<<<<

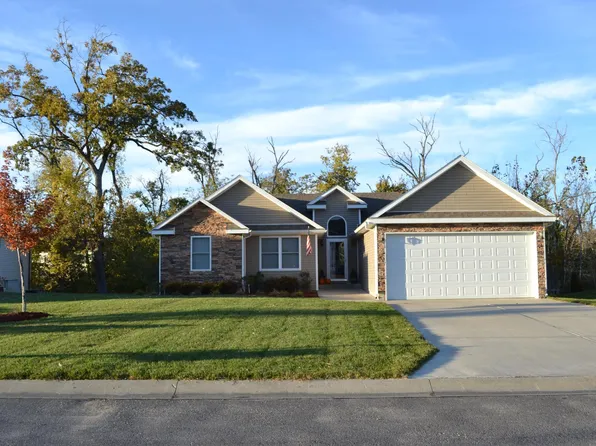 1208 Nottingham Dr, Warrensburg, MO 64093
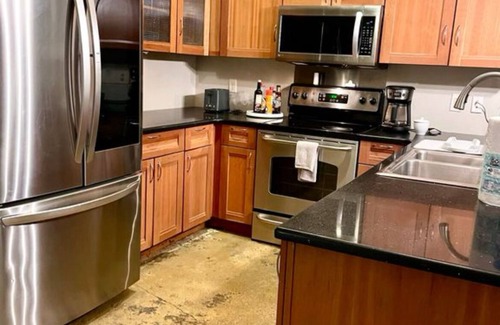 Downtown Chattanooga House | Cozy 2-bedroom Southside townhome walkable to downtown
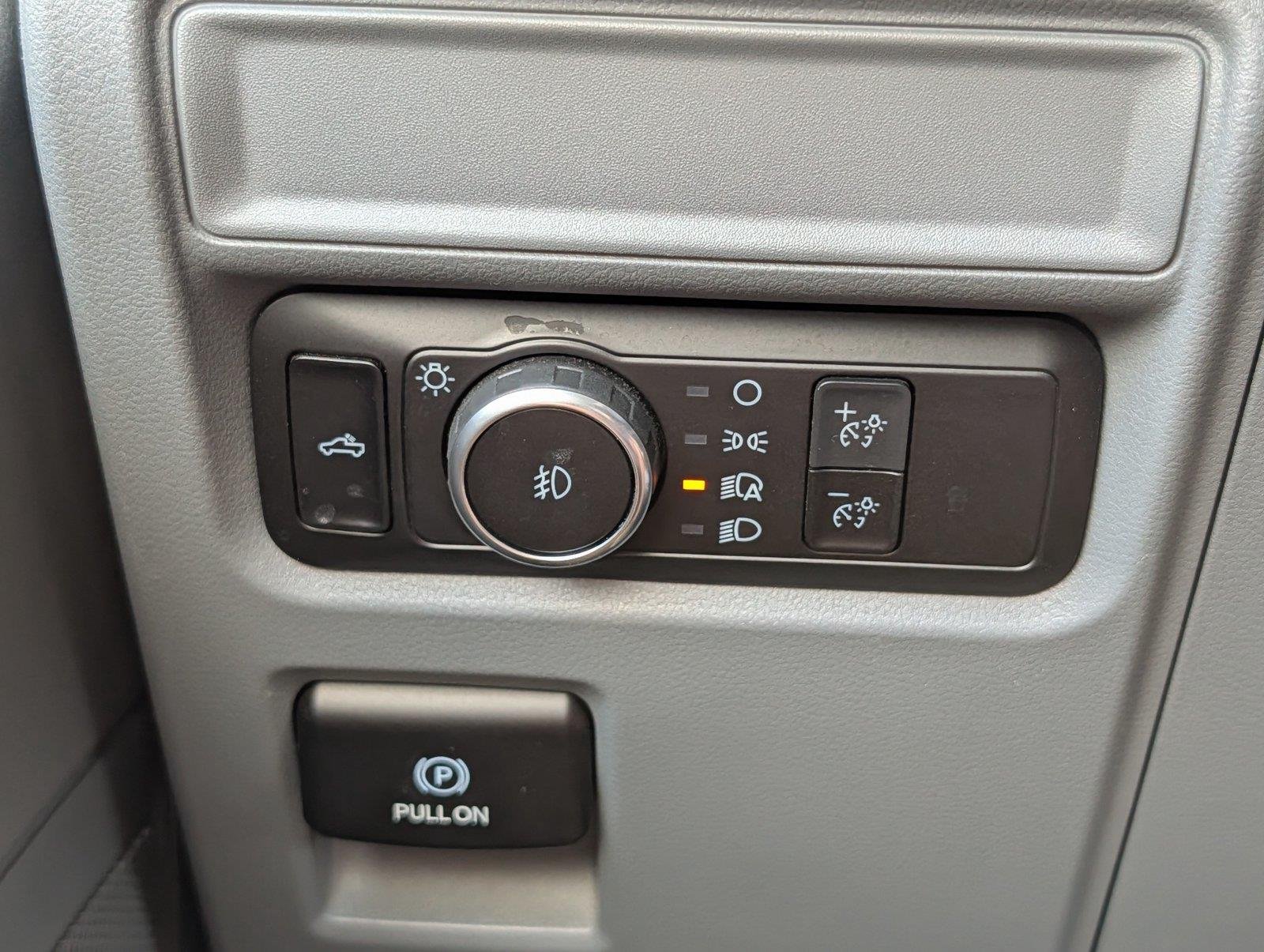Used 2022 Oxford White Ford XLT image 39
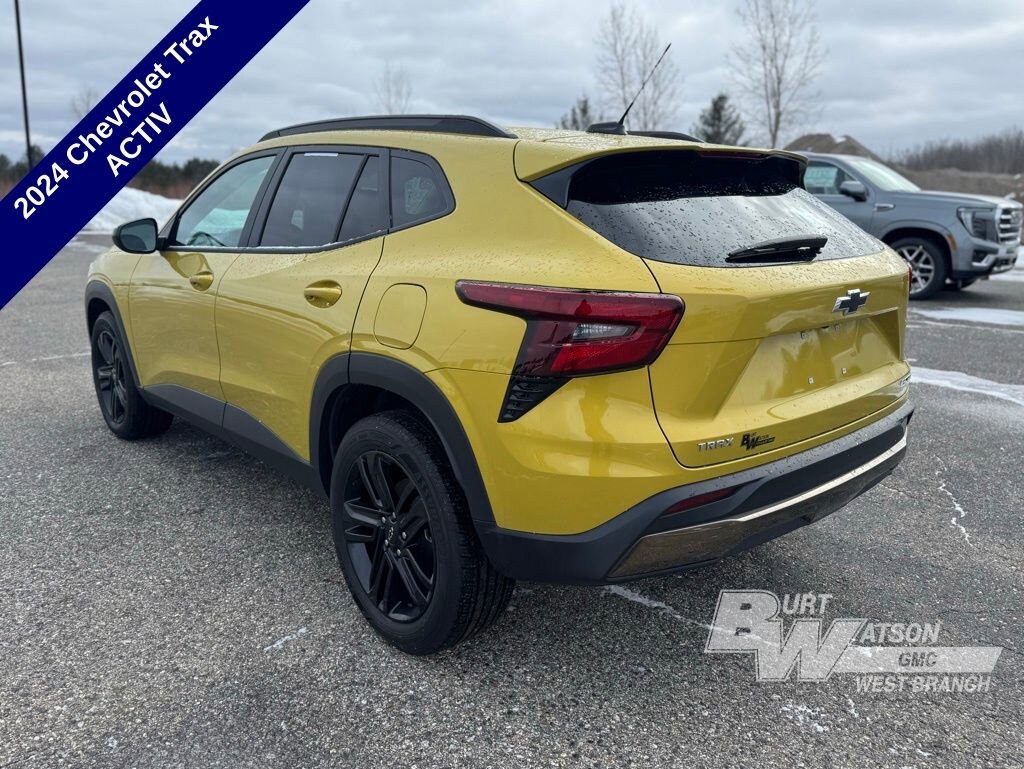 Used 2024 Chevrolet Trax Activ SUV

>>>>

Give back each line above exactly, with pictures dropped.

 1208 Nottingham Dr, Warrensburg, MO 64093
 Downtown Chattanooga House | Cozy 2-bedroom Southside townhome walkable to downtown
Used 2022 Oxford White Ford XLT image 39
 Used 2024 Chevrolet Trax Activ SUV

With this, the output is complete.